2. While the meat and stock are simmering, melt butter in another large pot over medium heat. Add potatoes, onion and carrots. Sauté vegetables until golden, about 20 minutes.
3. Add vegetables to stew. Simmer uncovered until vegetables and beef are very tender, about 40 minutes. Discard bay leaves. Tilt pan and spoon off fat. Transfer stew to serving bowl. Sprinkle with parsley and serve. (Can be prepared up to 2 days ahead. Salt and pepper to taste. Cool slightly. Refrigerate uncovered until cold, then cover. Bring to simmer before re- serving or serving refrigerated left overs.)
Serves 4 to 6.
Stobach Uan - Lamb Stew
- 2-1/2 to 3 lbs (1.35kg) lamb chops (gigot or rack chops) not less than 1 inch (2.5cm) thick
- 8 medium or 12 baby carrots
- 8 medium or 12 baby onions
- 8 to 12 potatoes, or more if you like
- salt and freshly ground pepper
- 1-1/4 to1-1/2 pints (750 ml-900 ml/3-33/4 cups) stock (lamb stock if possible) or water
- 1 sprig of thyme
- 1 Tbsp (1 American Tbsp + 1 tsp) roux, optional - see recipe
- 1 Tbsp (1 American Tbsp + 1 tsp) freshly chopped parsley
- 1 Tbsp (1 American Tbsp + 1 tsp) freshly chopped chives
- 4 ozs (110g/1 stick) butter
- 4 ozs (110g/scant 1 cup) flour
Melt the butter and cook the flour in it for 2 minutes on a low heat, stirring occasionally. Use as required. Roux can be stored in a cool place and used as required or it can be made up on the spot if preferred. It will keep at least a fortnight in a refrigerator.
- Preheat the oven to 180C/350F
- Cut the chops in half and trim off some of the excess fat. Set aside.
- Render down the fat on a gentle heat in a heavy pan (discard the rendered down pieces).
- Peel the onions and scrape or thinly peel the carrots (if they are young you could leave some of the green stalk on the onion and carrot).
- Cut the carrots into large chunks, or if they are small leave them whole.
- If the onions are large, cut them into quarters through the root, if they are small they are best left whole.
- Toss the meat in the hot fat on the pan until it is slightly brown. Transfer the meat into a casserole, then quickly toss the onions and carrots in the fat.
- Build the meat, carrots and onions up in layers in the casserole, carefully season each layer with freshly ground pepper and salt.
- De-glaze the pan with lamb stock and pour into the casserole.
- Peel the potatoes and lay them on top of the casserole, so they will steam while the stew cooks.
- Season the potatoes.

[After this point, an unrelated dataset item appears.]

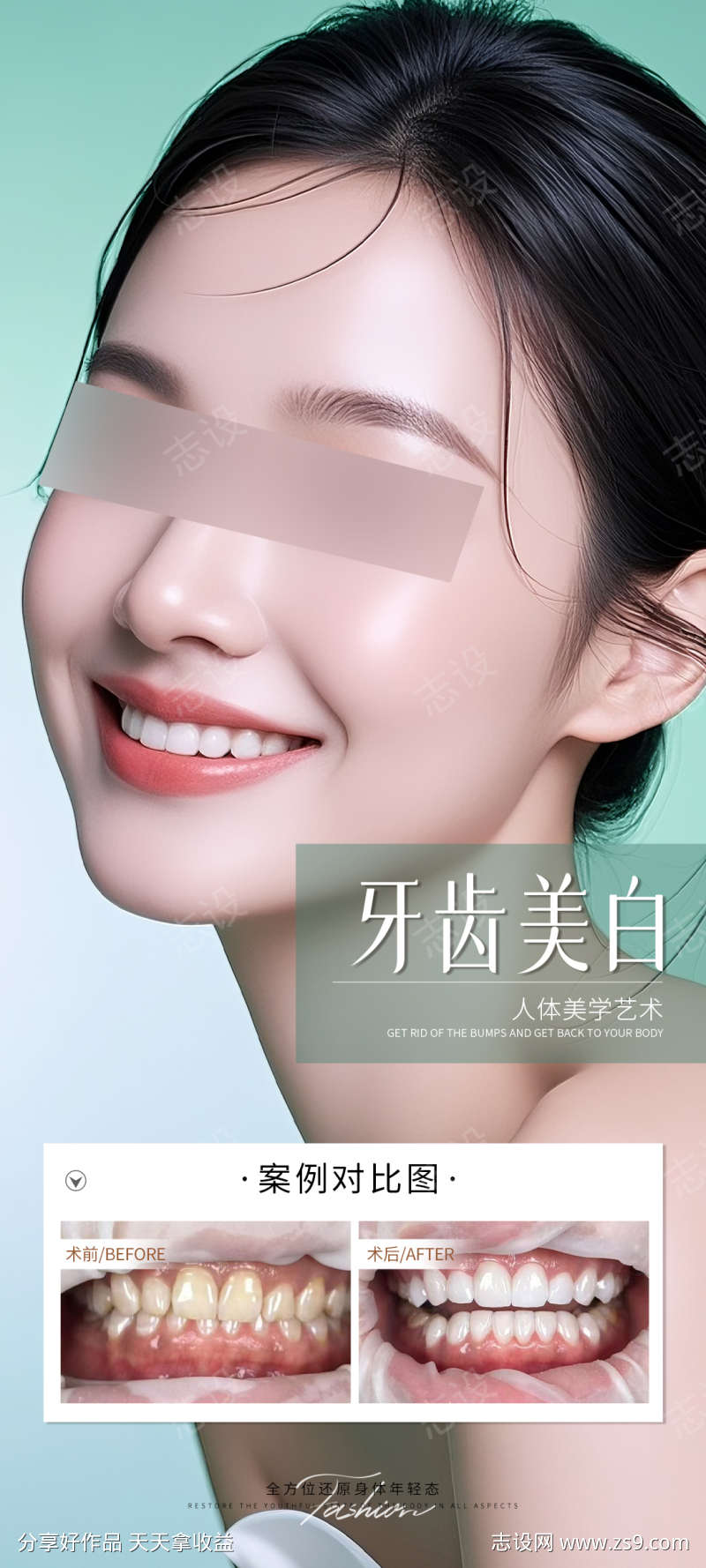 牙齿美白案例海报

Add a sprig of thyme, bring to the boil on top of the stove, cover with a butter wrapper or paper lid and the lid of the saucepan.
- Transfer to a moderate oven or allow to simmer on top of the stove until the stew is cooked, 1 to 1-1/2 hours approx, depending on whether the stew is being made with lamb or hogget.

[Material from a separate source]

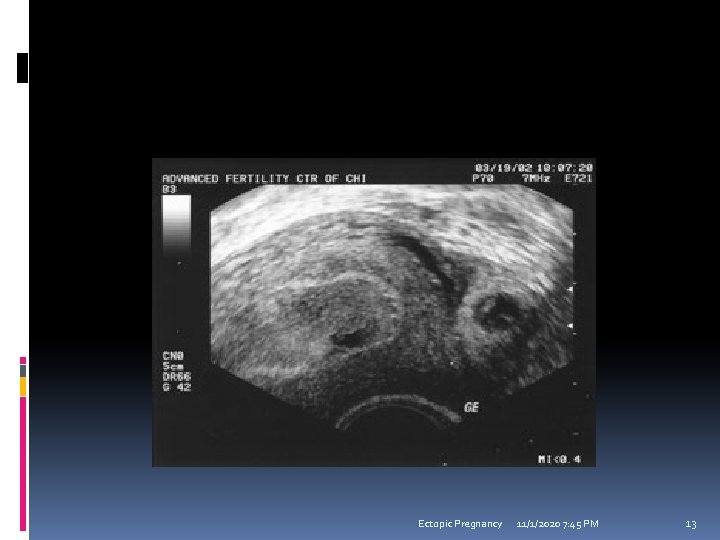 Ectopic Pregnancy 11/1/2020 7: 45 PM 13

- When the stew is cooked, pour off the cooking liquid, de-grease and reheat in another saucepan. Slightly thicken by whisking in a little roux if you like.
- Check seasoning, then add chopped parsley and chives.
- Pour over the meat and vegetables. Bring the stew back up to boiling point and serve from the pot or in a large pottery dish.